Untitled (It’s About That Time crystal version): João Onofre na Rialto6
Um segmento são vinte segundos, treze compõem esta escultura. Materializa-se em cristal um e período de tempo, and it´s about that time. Não fosse o profundo interesse de João Onofre pela arte conceptual dos anos 60 e 70, aliado ao “humor” que o seu trabalho nos habituou, e o título da peça seria outro, mas não, é mesmo Untitled (It’s About That Time crystal version). Mas este não é um tempo qualquer – nenhum o é – é particular, e o jogo não termina aqui.
Se o interesse pelo conceptual é uma tónica de presença contínua do trabalho do artista ao longo dos anos, a apropriação de referências da cultura popular não o é menos. Em 1969 sai o álbum In A Silent Way, de Miles Davis – de grande importância para o Jazz de fusão e experimentação musical como refere Marc-Olivier Wahler no texto do catálogo – é aí que encontramos os solos I e II de Davis, que partilham o título com a peça.

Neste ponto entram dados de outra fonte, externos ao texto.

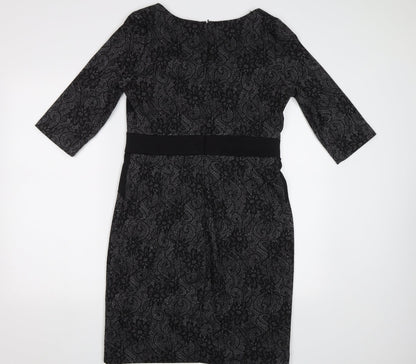 Sandra Darren Womens Black Floral  Bodycon  Size 10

Dividido em três frequências distintas (altas, médias e baixas) o que era audível e se propagava no tempo, ganha forma através da sua duração.
No dia da minha visita, esperava uma amiga em frente da Rialto6. Por muito irrelevante que esta informação possa parecer, foi esta espera que abriu o mote para um primeiro contacto com obra, vista da montra. Não “vemos” inicialmente nela música, há demasiado ruído, quase paradoxalmente não se ouve ainda silêncio, e na música o som e o silêncio devem coexistir. Vemos uma belíssima peça quase decorativa, não fosse esta produzida em colaboração com a Vista Alegre / Atlantis.
A minha amiga chega, its about time de entrar na exposição. Toca-se à campainha – mais um som – lá nos abrem a porta, somos guiados aos nossos destinos. À entrada da sala está uma partitura, esta tanto deixa claro o “tempo” de que a peça trata, como é ela também uma tradução do som em símbolos e códigos visuais. Subitamente todo o som, todo o ruído que se propagava no ar, desaparece, como se tivéssemos dado um passo dentro de um universo do vazio. A sala é insonorizada com espuma de isolamento. Lembro-me de Robert Fludd, na sua descrição de um não-universo, não-existência ou da pré-existência – por muito que este tão iluminado espaço não esteja próximo de um quadrado negro, ou à “noite dos tempos”. Aqui, sons que assumiam antes uma representação visual, transfiguram-se em matéria, onde o tempo delimitou a forma, mas não limita a nossa experiência. Já não. Relacionamo-nos com o som, não pelo seu tempo de propagação, mas pela duração da nossa permanência no espaço.
Os carros que passavam há pouco e que tanto barulho faziam são agora cenário. Digo algo à minha amiga, qualquer coisa serviria o propósito, apenas para me certificar que o som, e o tempo, ainda existem.
A exposição Untitled (It’s About That Time crystal version), de João Onofre, está patente na galeria Rialto6, em Lisboa até dia 21 de julho.